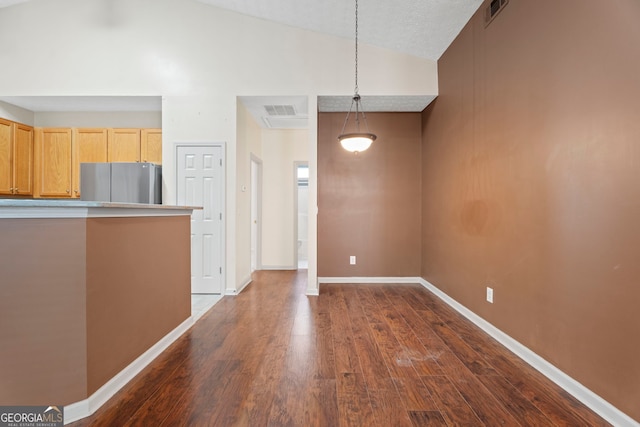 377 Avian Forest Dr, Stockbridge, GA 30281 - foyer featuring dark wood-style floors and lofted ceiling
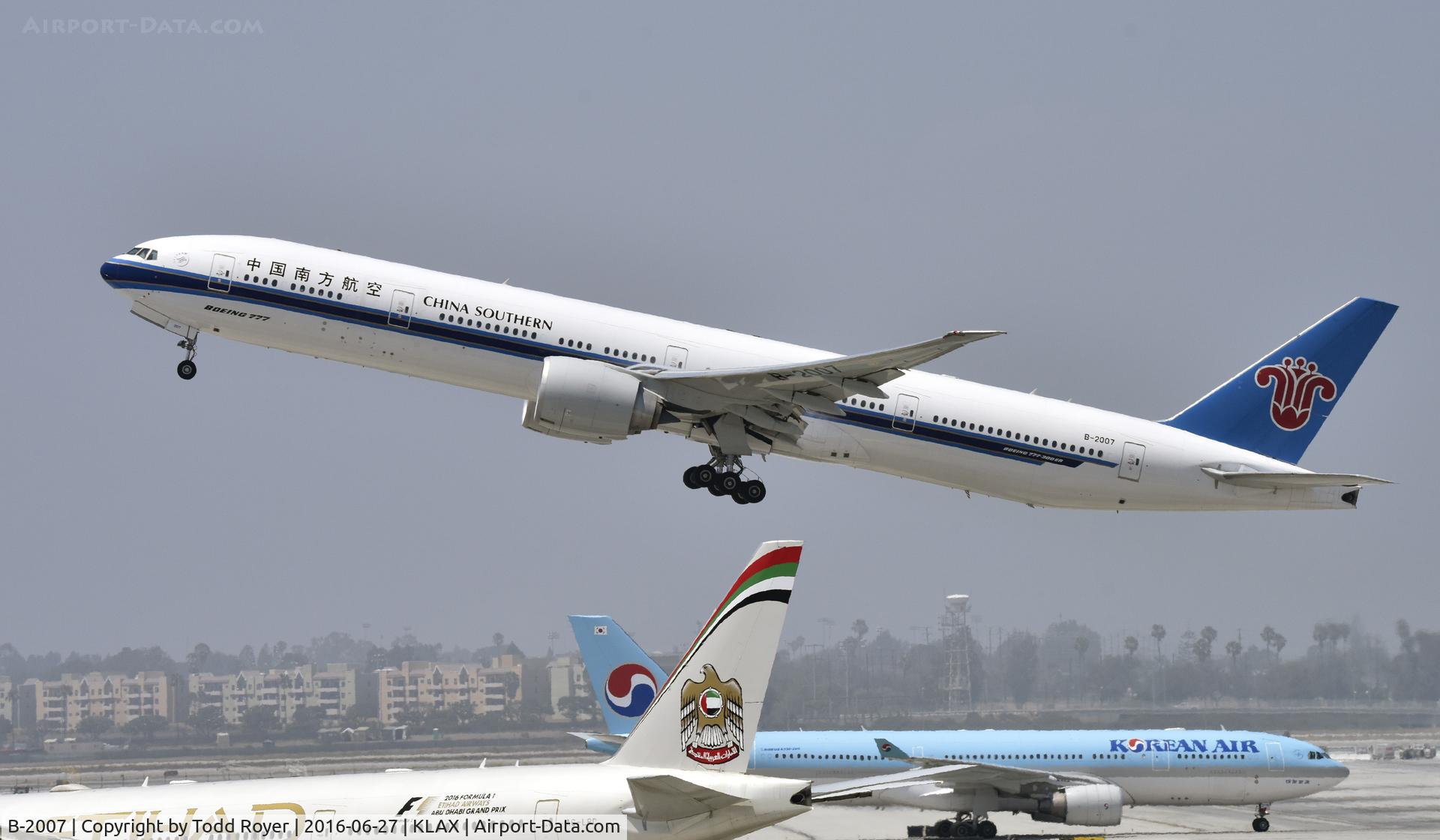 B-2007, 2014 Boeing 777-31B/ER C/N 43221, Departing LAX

...

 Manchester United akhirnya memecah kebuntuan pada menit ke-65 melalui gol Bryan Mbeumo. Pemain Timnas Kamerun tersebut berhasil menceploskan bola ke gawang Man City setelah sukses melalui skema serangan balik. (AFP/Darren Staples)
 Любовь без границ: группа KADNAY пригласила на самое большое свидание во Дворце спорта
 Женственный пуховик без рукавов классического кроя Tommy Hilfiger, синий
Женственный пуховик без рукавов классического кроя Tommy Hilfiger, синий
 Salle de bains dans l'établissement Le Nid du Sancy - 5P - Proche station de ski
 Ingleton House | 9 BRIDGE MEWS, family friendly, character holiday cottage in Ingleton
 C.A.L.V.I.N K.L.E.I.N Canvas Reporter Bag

--

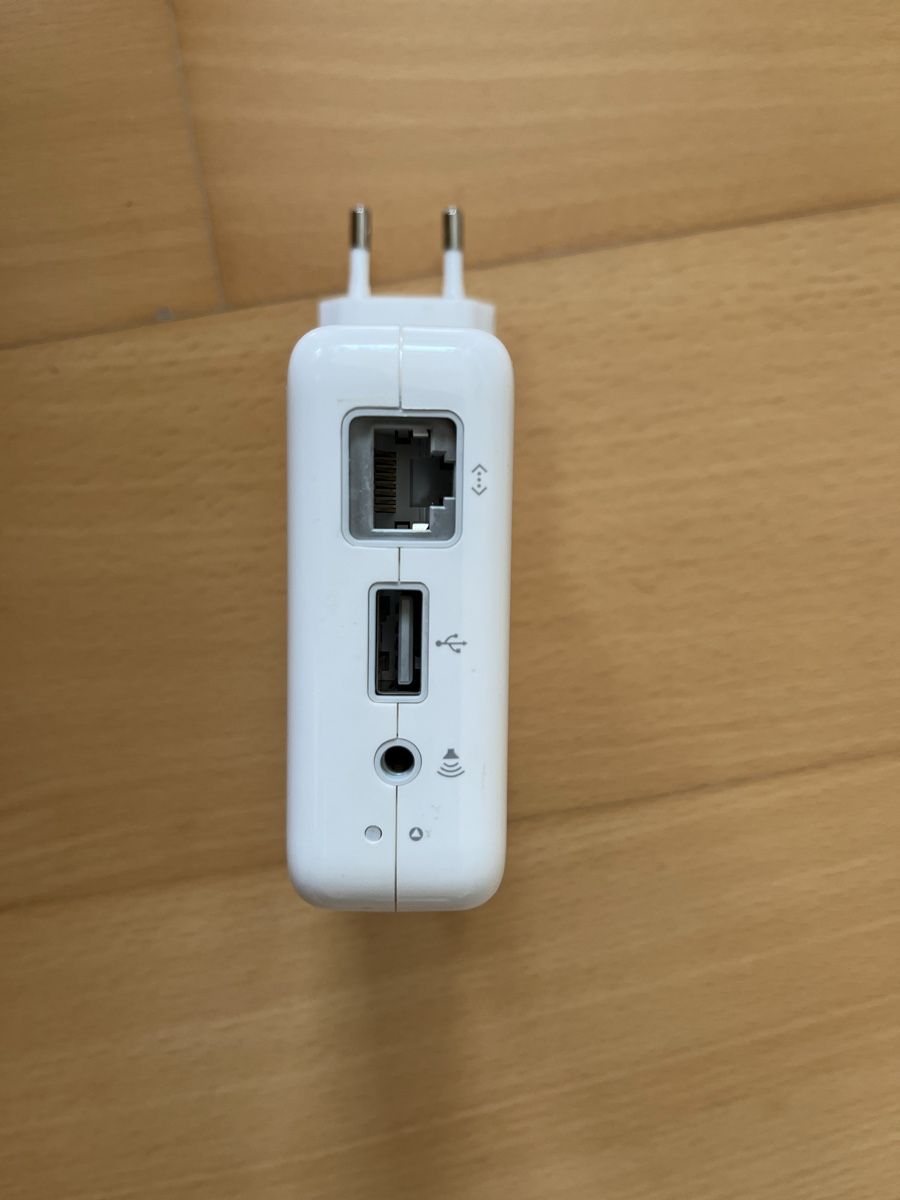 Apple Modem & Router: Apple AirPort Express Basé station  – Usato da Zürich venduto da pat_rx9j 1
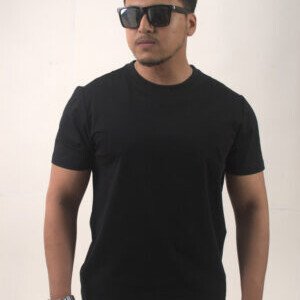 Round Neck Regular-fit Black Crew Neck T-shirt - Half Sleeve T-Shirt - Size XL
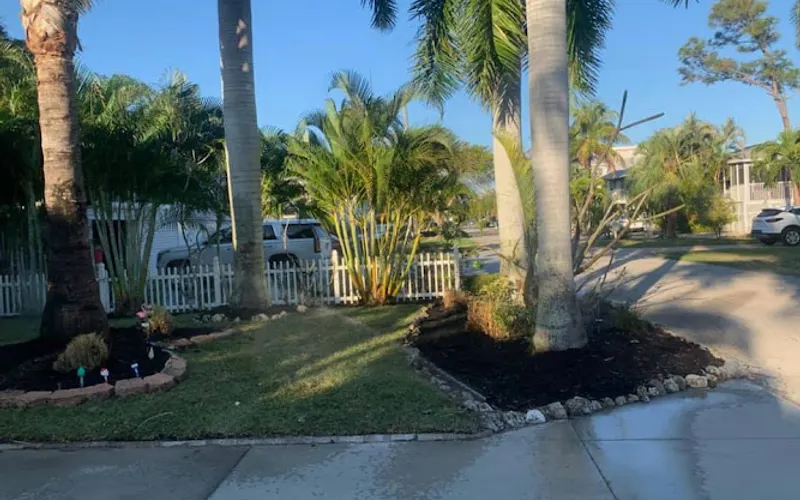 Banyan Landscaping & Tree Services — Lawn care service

**EXERCISE PROMPT**.
Above are some entries; copy exactly the lines from the line with "Round Neck Regular-fit" through the line with "Banyan Landscaping &", both included, but none of the pictures.

**ANSWER SPACE**.
 Round Neck Regular-fit Black Crew Neck T-shirt - Half Sleeve T-Shirt - Size XL
 Banyan Landscaping & Tree Services — Lawn care service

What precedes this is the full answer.